What you should do
Report each line of the entries below that includes "with".

Records provided

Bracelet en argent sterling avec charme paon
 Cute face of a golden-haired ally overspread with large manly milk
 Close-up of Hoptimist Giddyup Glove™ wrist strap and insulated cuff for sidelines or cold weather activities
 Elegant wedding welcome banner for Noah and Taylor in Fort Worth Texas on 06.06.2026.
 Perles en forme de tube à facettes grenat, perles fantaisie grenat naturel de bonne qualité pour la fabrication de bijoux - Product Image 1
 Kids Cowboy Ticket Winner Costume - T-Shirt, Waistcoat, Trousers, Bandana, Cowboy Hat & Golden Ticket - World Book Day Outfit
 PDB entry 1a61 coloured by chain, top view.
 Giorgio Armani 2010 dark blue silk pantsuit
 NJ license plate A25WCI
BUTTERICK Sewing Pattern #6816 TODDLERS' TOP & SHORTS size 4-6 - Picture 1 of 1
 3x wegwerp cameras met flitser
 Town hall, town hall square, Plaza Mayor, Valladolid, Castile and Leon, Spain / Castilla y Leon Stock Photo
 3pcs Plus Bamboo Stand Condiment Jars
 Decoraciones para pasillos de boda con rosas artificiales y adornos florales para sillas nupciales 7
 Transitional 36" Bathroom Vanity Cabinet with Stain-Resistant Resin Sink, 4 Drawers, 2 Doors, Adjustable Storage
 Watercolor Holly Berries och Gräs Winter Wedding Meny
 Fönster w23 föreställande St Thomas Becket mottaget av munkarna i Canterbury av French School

Exercise solution
 Cute face of a golden-haired ally overspread with large manly milk
 Transitional 36" Bathroom Vanity Cabinet with Stain-Resistant Resin Sink, 4 Drawers, 2 Doors, Adjustable Storage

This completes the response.